Intel first brought PCI Express technology to the market with the launch of its 900-series chipsets in 2004. But the emergence of encryption, visualization and XML is driving new requirements from server platforms. IBM is co-founding the proposal. In a panel discussion following the keynote, Tom Bradicich, CTO, System X and BladeCenter Servers at IBM, likened the relationship of the processor to application accelerators to moving into a neighbourhood and wanting to be close to shopping, for example.

“If you’d like to live near shopping and you needed intimacy with other I/O accelerators or if you want some remote memory application, then that makes a lot of sense,” Bradicich said. “You want to be closer to your work or school. It can’t be possible to be closer to both.”

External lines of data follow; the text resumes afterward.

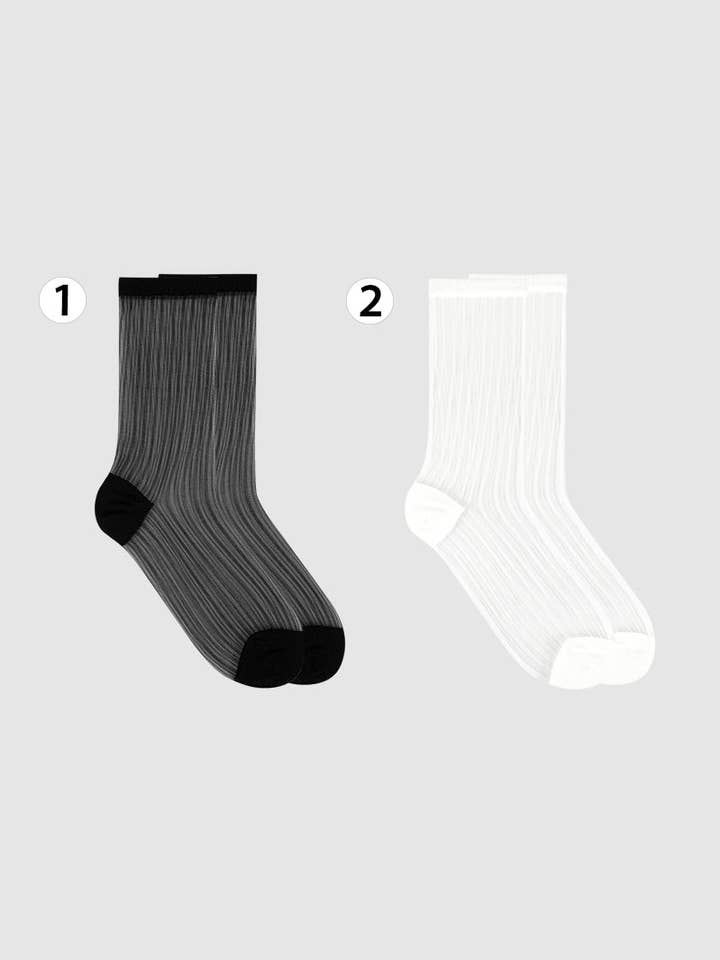 Women's Crew Sheer Mesh Loose See-Through Socks and other Purchase Wholesale mesh socks. Free Returns & Net 60 Terms on Faire trending on Faire.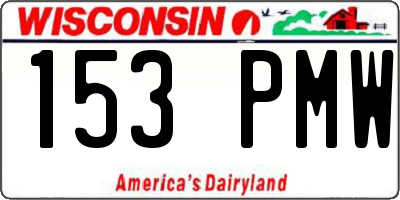 WI license plate 153PMW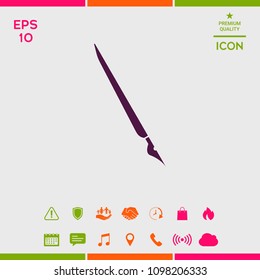 Quill pen, fountain pen icon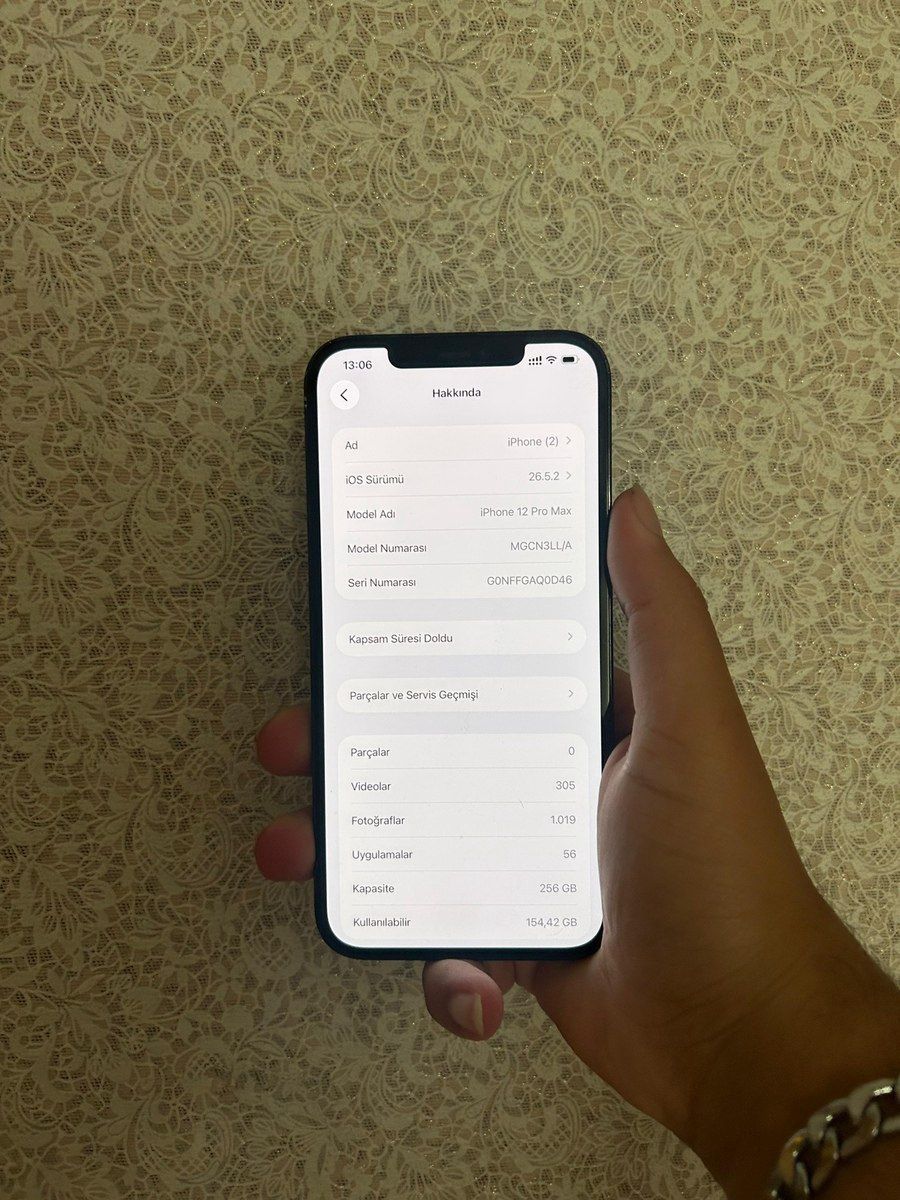 Apple iPhone 12 Pro Max Pacific Blue 256GB/6GB — Smartfonlar, Bakı (2)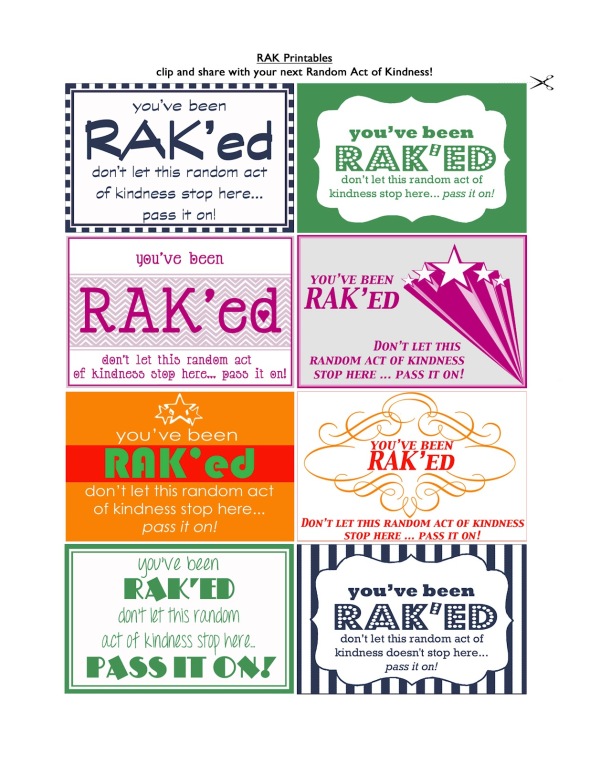 More RAK'ed printables from Make Them Wonder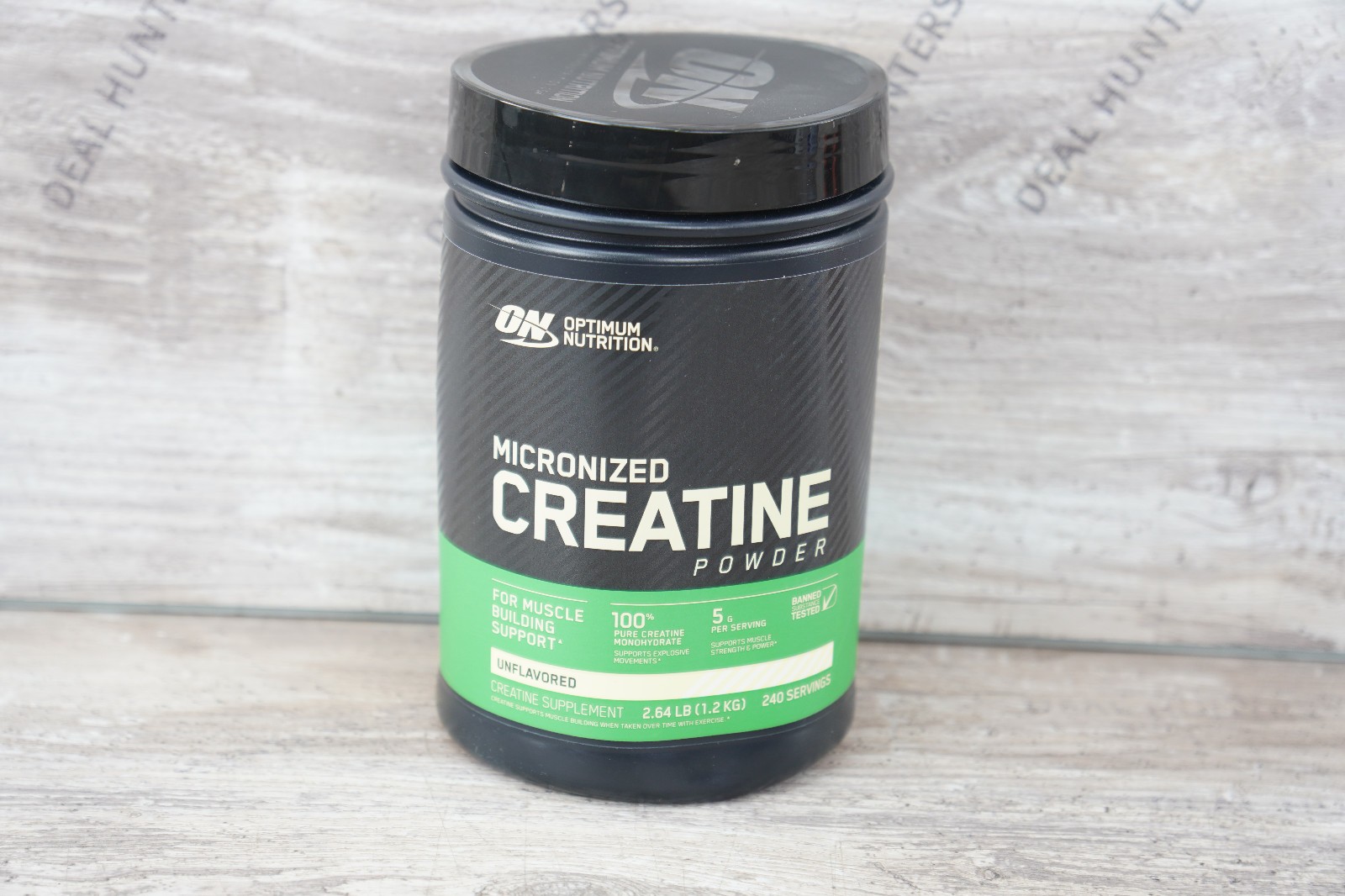 Optimum Nutrition Micronized Creatine Powder (240 Servings) – EXP 01/27 NEW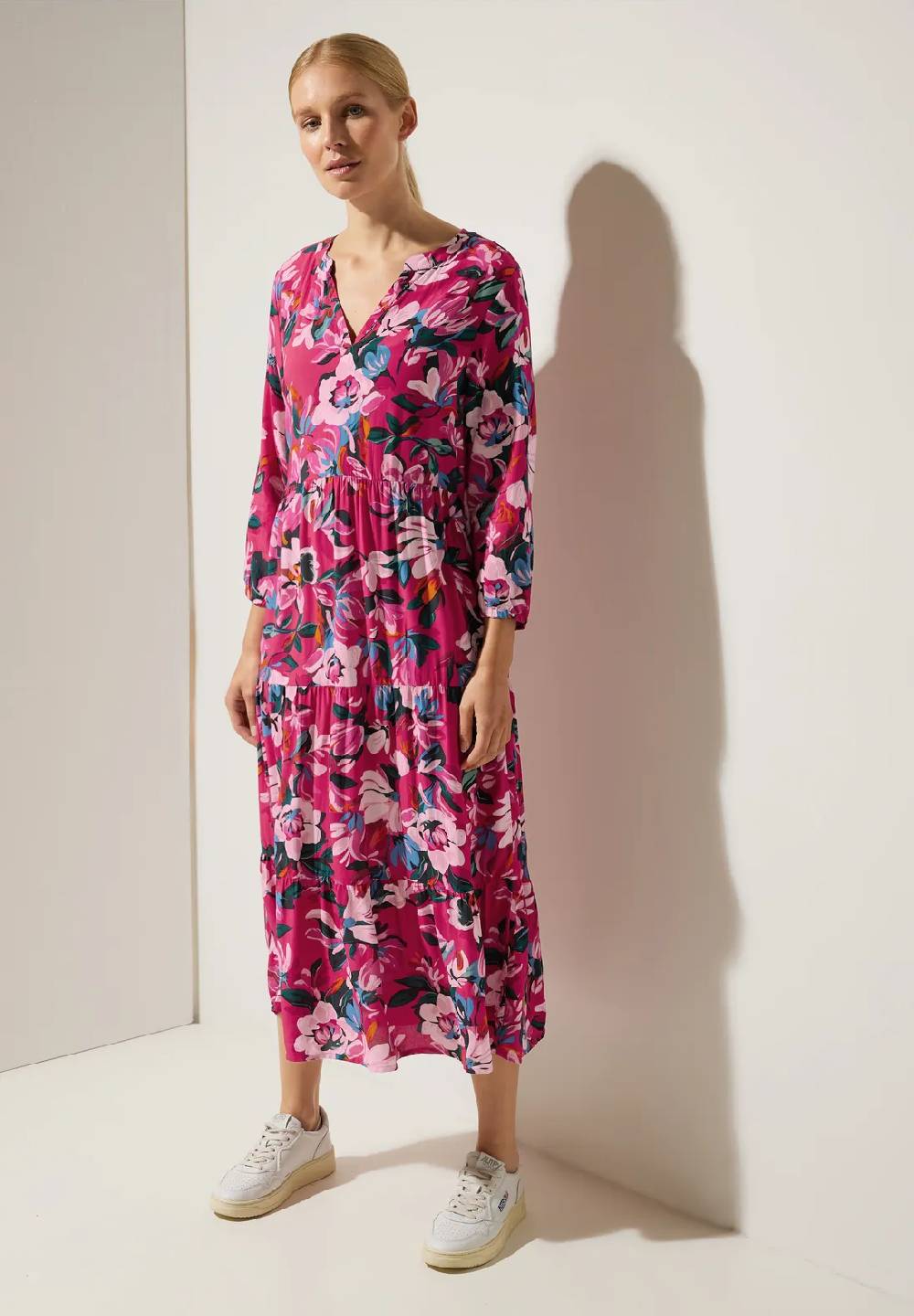 Street One Volantkleid mit Print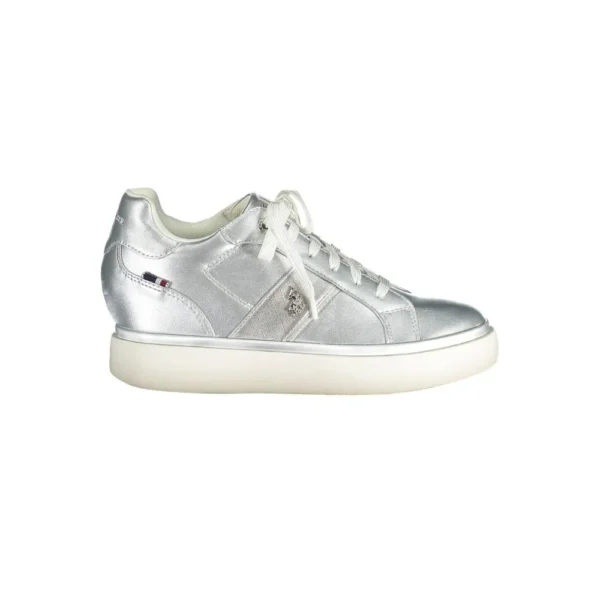 U.S. POLO ASSN. Women's Silver Polyester Women Sneaker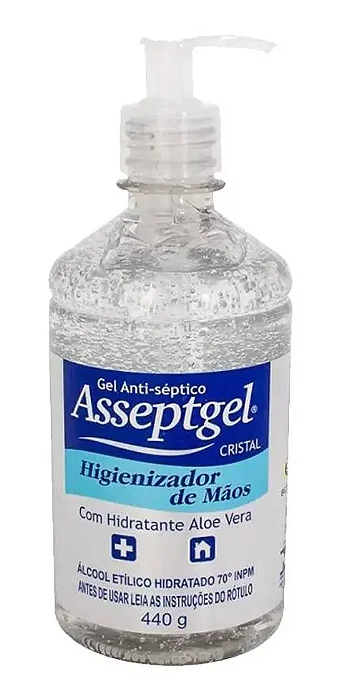 GEL (ALCOOL) ASSEPTICO CRISTAL 420GR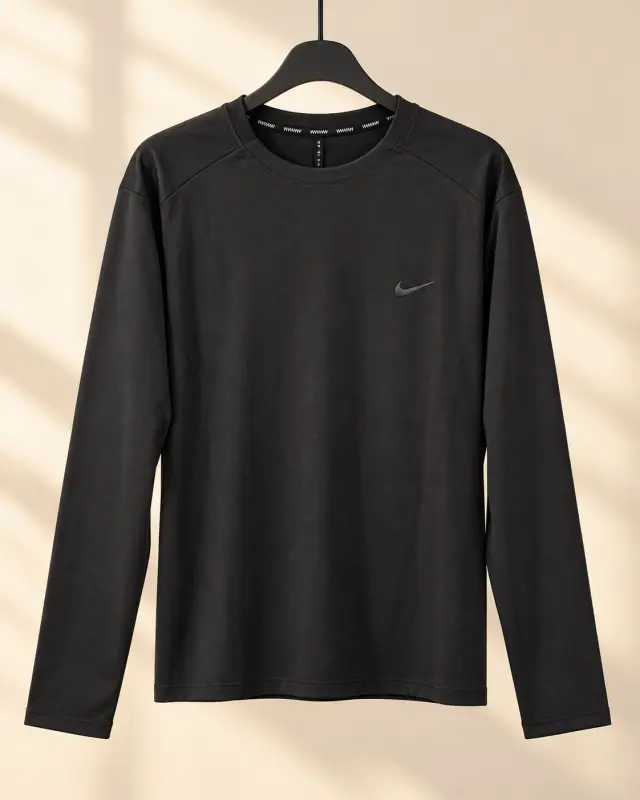 Nike Dri-FIT Miler Long-Sleeve أسود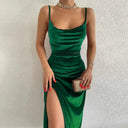 Hugcitar Velvet Maxi Dress Desk Date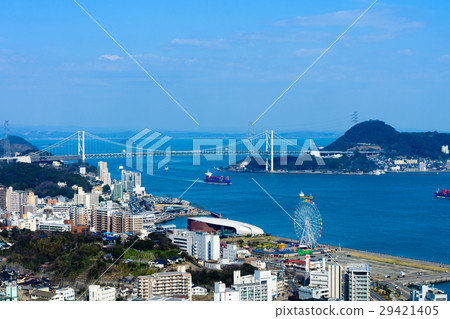 A view of the Kanmon Strait (view from the Strait Yume Tower) 29421405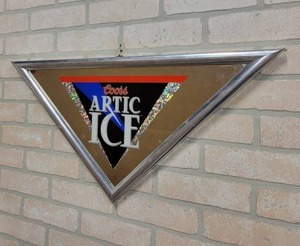 lot 1518 image: Coors Arctic Ice Beer Mirror - 27 x 14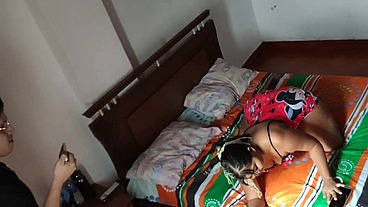 I RECORD MY STEP-UNCLE'S WHORE WOMAN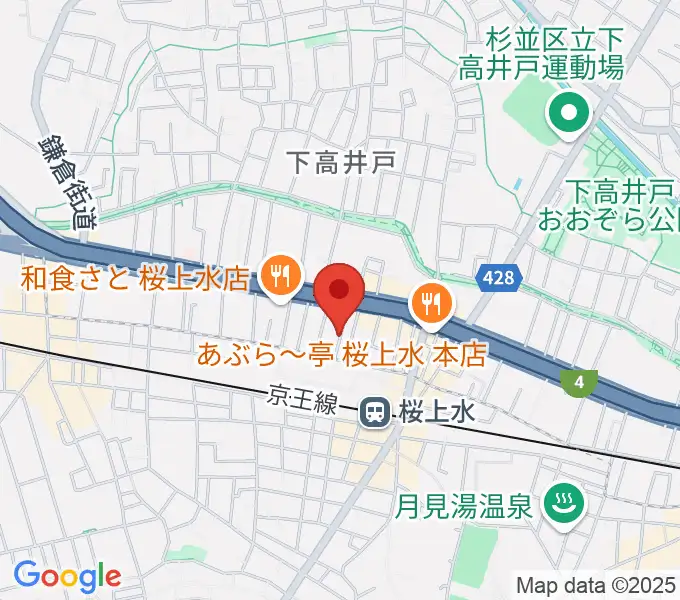 世田谷音楽院の地図
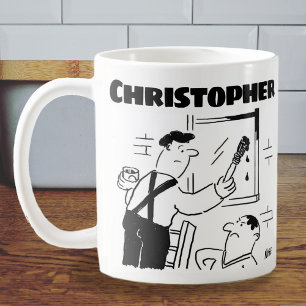 Geschenk für einen Maler und Dekorator mit Namen Kaffeetasse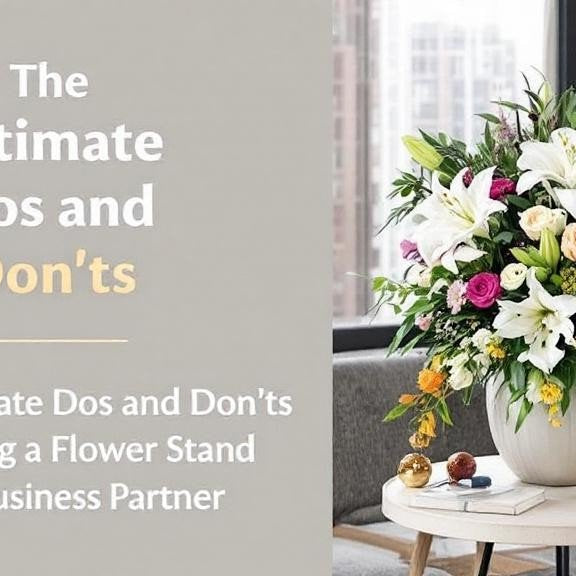 The Ultimate Dos and Don'ts of Choosing a Flower Stand for a Business Partner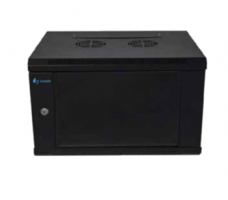 Cabinet 6U W600 D600 Single Section W/ 1Fan - RAL 9005.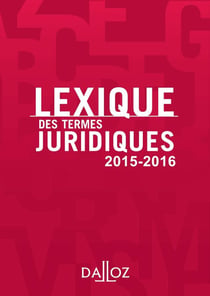 Lexique des termes juridiques (23e édition)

But AMD’s Fruehe said this doesn’t address the fundamental problem of Intel’s architectural design, which sends data outside of the processor through the front side bus to access the memory controller. This creates a bottleneck because there are four cores (in a quad core processor) choking up the front side bus, said Fruehe.

“This negates any benefits on the PCI express bus,” he said.

AMD’s processors, on the other hand, allow data to flow from one core to another without leaving the chip, which uses less bandwidth and improves the processor’s performance, said Fruehe.

Geneseo is part of an ongoing plan that Intel shares with IBM and other industry vendors to create an open-standards-based interface for the computer industry.

To that end, Gelsinger announced at the conference that Intel will release a whitepaper detailing the next generation of instruction set extensions that will be part of its 45 nanometre products. Intel also announced that the 45 nm processor will be a part of the Nehalem new microarchitecture that is scheduled for release in 2008.

In a Q&A session following his keynote, Gelsinger said open standards benefit the industry.

“We need to be much more open to allow them to do that,” he said. “As a consequence, the competition will see that as well.”

Fruehe, however, said Intel’s approach to open standards doesn’t really benefit anyone but Intel, because it locks them into its platform.

“Intel has a long history of finding ways to block AMD out of the bus,” he said. AMD recently launched the Torrenza strategy, which focuses on creating an open x86 platform.